Of course, all deserve respect regardless of their sexual orientations, actual or perceived. At the same time, because respect is supposed to be mutual, why do public officials impose their wills in ignoring the constitutional rights of believers by excluding qualified, loving adults from caring for children needing homes based on their religious beliefs? Moreover, in cases such as Blais, why should the state’s preferred gender trump familial bloodlines and the needs of a one-year-old whose great-grandparents sought to provide her with loving care? It is impossible to believe this was in the child’s best interest.
Public officials typically claim to be acting under the best interests of children. However, it is hard to accept this intention was in Blais when the grandparents were rejected based on their responses to hypothetical questions clearly unrelated to the care of a one-year-old child.

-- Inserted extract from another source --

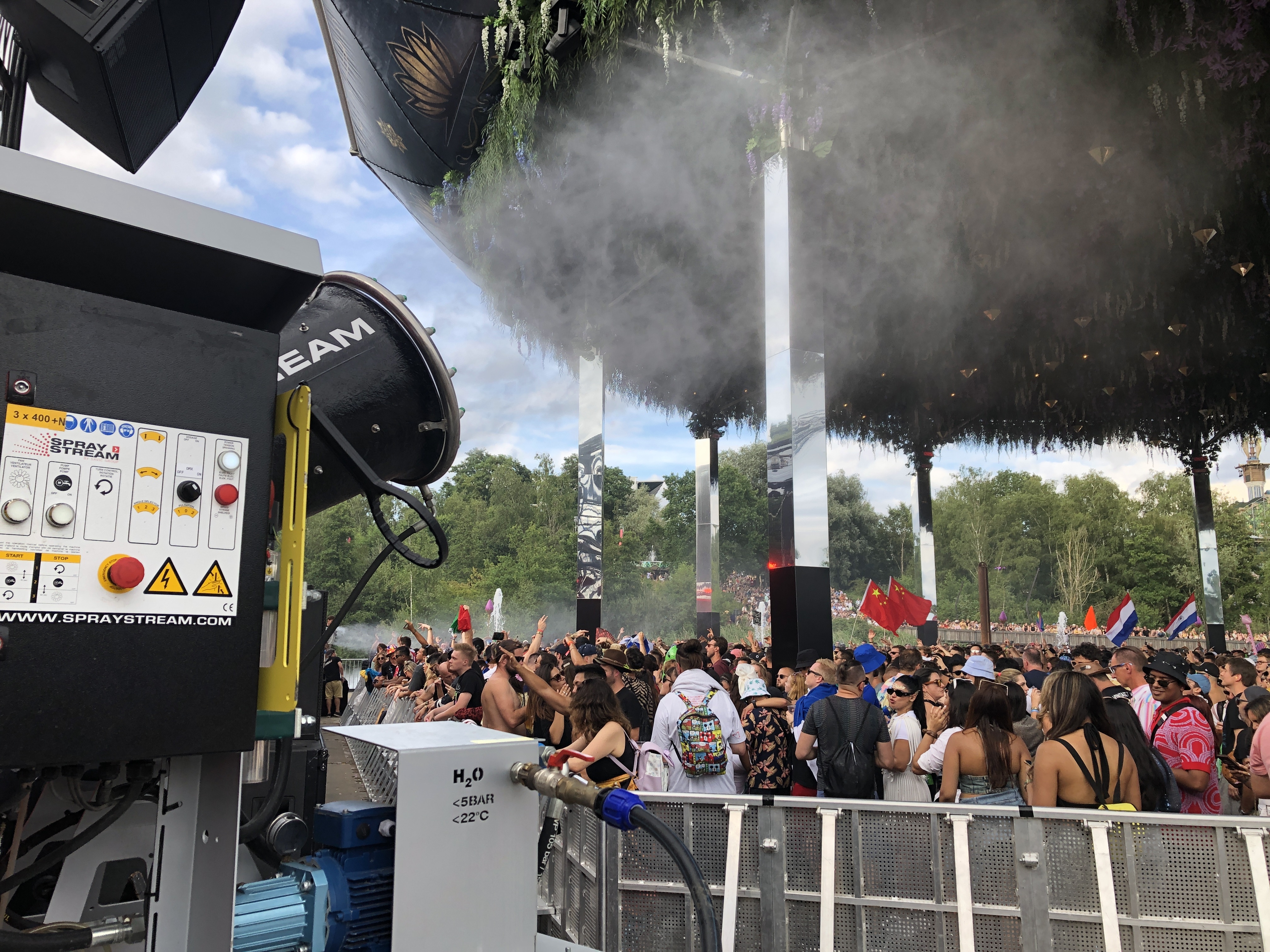 Tomorrowland event cooling cannon S4 0 05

Plus, are state officials truly acting in the best interests of minors when they support the use of hormone therapy with which parents and/or caregivers disagree? Of course not. Instead, perhaps officials should advise minors who likely lack maturity to understand fully what they seek to do, and to wait until reaching adulthood to decide whether to seek potentially unalterable procedures and medications.
Caring for minors identifying as transgender must be addressed with sensitivity. Still, how often does this issue arise with younger children, as in Blais justifying officials there and in DeGross who acted categorically in denying caregivers opportunities to provide needed loving homes based on their religious beliefs? If anything, state officials are overreaching in imposing a pall of orthodoxy on those whose religious beliefs do not align with their politically correct values du jour, leaving needy children at their not so tender mercy.